- Arcade flyer
- Developer: Winkysoft
- Publisher: Banpresto
- Series: Denjin Makai
- Platform: Arcade
- Release: 1995
- Genre: Beat 'em up
- Modes: Single-player, multiplayer

= Guardians (video game) =

1995 video game

Guardians (ガーディアンズ), released internationally as Denjin Makai II (電神魔傀II), is a side-scrolling beat 'em up developed by Winkysoft and published by Banpresto that was exclusively released as a coin-operated arcade game in 1995 as the sequel to the 1994 arcade game Denjin Makai.

==Gameplay==
Guardians can be played by up to two players simultaneously. Health gauges are displayed for both player and enemy characters, while energy bars are displayed for special moves.

The controls for Guardians consist of an eight-way joystick and two buttons for attacking and jumping respectively. Pressing the attack button repeatedly when attacking an enemy or multiple enemies will cause the player character to perform a combo. The final blow of the combo can be changed to a throw if the player moves the joystick in the opposite direction just before landing it. The player also can perform a jump attack. When two players play, they can perform team-based special moves.
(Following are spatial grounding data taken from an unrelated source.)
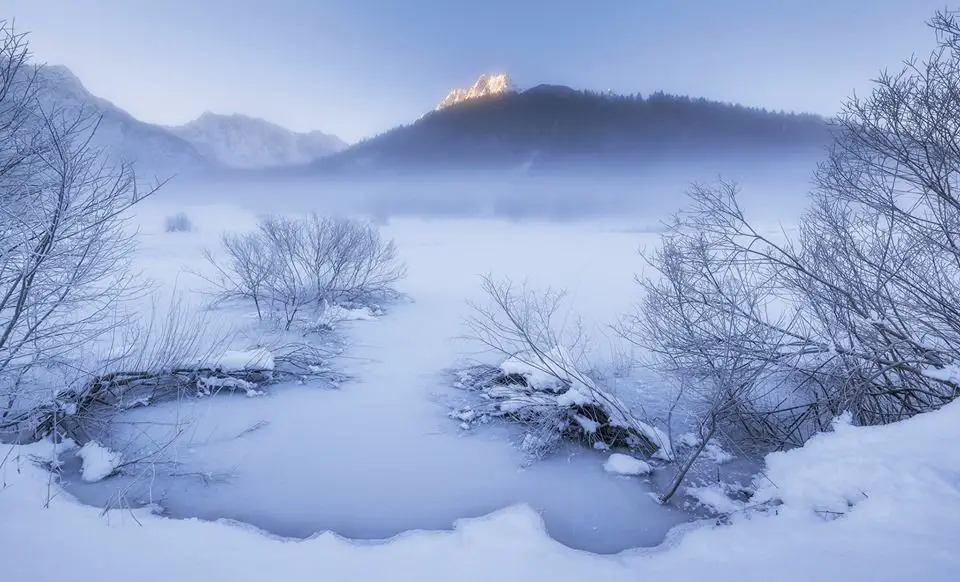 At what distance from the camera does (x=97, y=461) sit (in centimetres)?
537

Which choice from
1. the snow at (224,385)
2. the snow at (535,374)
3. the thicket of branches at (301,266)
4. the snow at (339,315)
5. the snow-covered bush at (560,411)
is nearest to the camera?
the snow-covered bush at (560,411)

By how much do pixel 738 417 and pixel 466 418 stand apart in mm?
3750

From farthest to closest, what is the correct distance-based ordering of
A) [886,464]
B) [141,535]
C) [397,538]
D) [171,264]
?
[171,264] → [397,538] → [141,535] → [886,464]

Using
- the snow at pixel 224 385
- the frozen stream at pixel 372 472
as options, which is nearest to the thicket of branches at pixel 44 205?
the frozen stream at pixel 372 472

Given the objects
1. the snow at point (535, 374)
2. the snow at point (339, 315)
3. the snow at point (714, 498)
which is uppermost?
the snow at point (535, 374)

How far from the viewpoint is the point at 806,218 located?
22.9 ft

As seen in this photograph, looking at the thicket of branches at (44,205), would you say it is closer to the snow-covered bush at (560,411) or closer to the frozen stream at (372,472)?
the frozen stream at (372,472)

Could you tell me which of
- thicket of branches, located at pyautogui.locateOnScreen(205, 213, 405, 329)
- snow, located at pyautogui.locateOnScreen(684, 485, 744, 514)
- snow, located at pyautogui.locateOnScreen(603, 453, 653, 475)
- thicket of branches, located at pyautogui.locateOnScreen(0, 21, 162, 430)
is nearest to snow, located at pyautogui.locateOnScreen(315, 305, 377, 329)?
thicket of branches, located at pyautogui.locateOnScreen(205, 213, 405, 329)

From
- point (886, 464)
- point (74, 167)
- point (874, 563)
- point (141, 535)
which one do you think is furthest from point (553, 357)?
point (74, 167)

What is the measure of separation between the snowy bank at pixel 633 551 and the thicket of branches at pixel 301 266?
8035 mm

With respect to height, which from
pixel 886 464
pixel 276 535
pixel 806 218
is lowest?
pixel 276 535

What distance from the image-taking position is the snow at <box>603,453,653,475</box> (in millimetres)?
5664

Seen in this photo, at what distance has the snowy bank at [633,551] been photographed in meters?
2.97

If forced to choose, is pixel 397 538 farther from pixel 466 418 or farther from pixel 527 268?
pixel 527 268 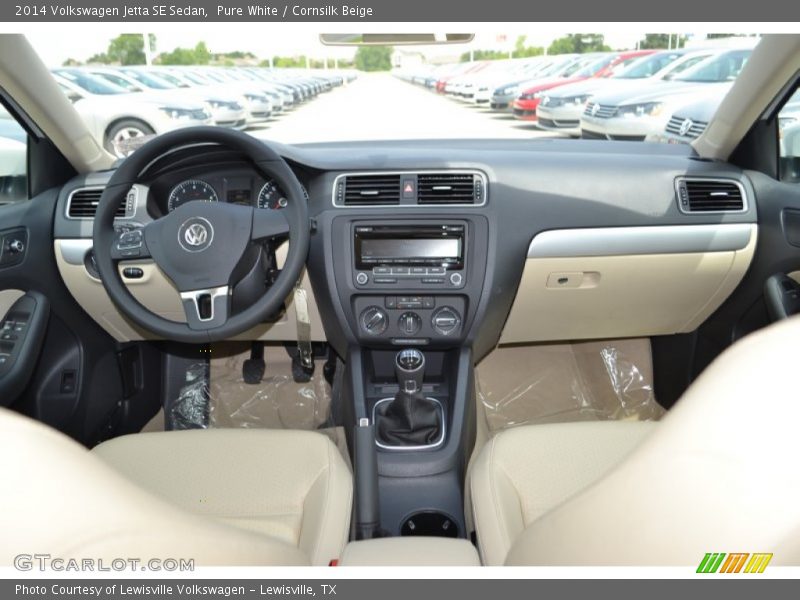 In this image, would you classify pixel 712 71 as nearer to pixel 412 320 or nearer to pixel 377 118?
pixel 377 118

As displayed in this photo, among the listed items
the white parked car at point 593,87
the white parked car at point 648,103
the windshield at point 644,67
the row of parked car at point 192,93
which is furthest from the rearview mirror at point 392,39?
the windshield at point 644,67

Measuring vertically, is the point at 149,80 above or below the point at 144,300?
above

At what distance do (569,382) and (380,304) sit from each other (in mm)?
1273

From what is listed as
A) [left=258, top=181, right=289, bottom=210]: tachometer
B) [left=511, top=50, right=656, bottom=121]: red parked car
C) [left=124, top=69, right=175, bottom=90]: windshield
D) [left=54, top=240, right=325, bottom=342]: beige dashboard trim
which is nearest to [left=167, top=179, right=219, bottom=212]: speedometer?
[left=258, top=181, right=289, bottom=210]: tachometer

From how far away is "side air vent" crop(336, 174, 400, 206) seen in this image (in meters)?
2.40

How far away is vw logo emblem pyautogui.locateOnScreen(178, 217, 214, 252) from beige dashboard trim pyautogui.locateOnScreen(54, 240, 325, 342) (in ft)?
1.58

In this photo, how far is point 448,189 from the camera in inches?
94.3

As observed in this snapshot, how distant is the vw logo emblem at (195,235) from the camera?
6.35 ft

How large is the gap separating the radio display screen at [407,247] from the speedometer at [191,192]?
0.52m

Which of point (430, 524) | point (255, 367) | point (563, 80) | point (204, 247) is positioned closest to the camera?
point (204, 247)

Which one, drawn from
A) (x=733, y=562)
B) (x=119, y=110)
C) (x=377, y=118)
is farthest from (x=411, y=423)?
(x=119, y=110)

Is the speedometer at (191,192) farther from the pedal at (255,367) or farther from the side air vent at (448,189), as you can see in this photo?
the pedal at (255,367)

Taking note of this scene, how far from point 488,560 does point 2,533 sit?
3.50 feet

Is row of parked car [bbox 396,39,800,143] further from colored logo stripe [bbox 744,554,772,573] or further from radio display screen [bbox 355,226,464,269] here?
colored logo stripe [bbox 744,554,772,573] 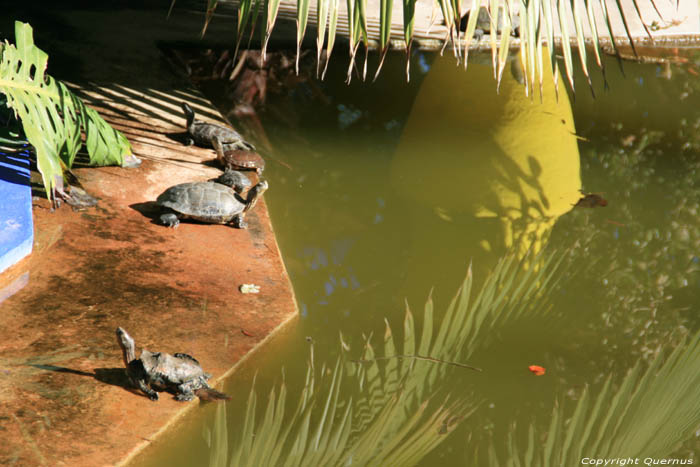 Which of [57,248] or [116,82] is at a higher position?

Enemies can be grabbed simply by walking into one of them. When an enemy is grabbed, the player can perform a grab attack by pressing the attack button or perform a throw by tilting the joystick left or right. A thrown enemy can be tossed at another for additional damage. Items such as weapons, health recovery items, and items awarding extra points can be picked up by standing over one and pressing the attack button. Weapons have limited uses and will disappear if the player is disarmed by an enemy too much or when the player moves to a new area.

==Reception==
In 2023, Time Extension included the game on their top 25 "Best Beat 'Em Ups of All Time" list.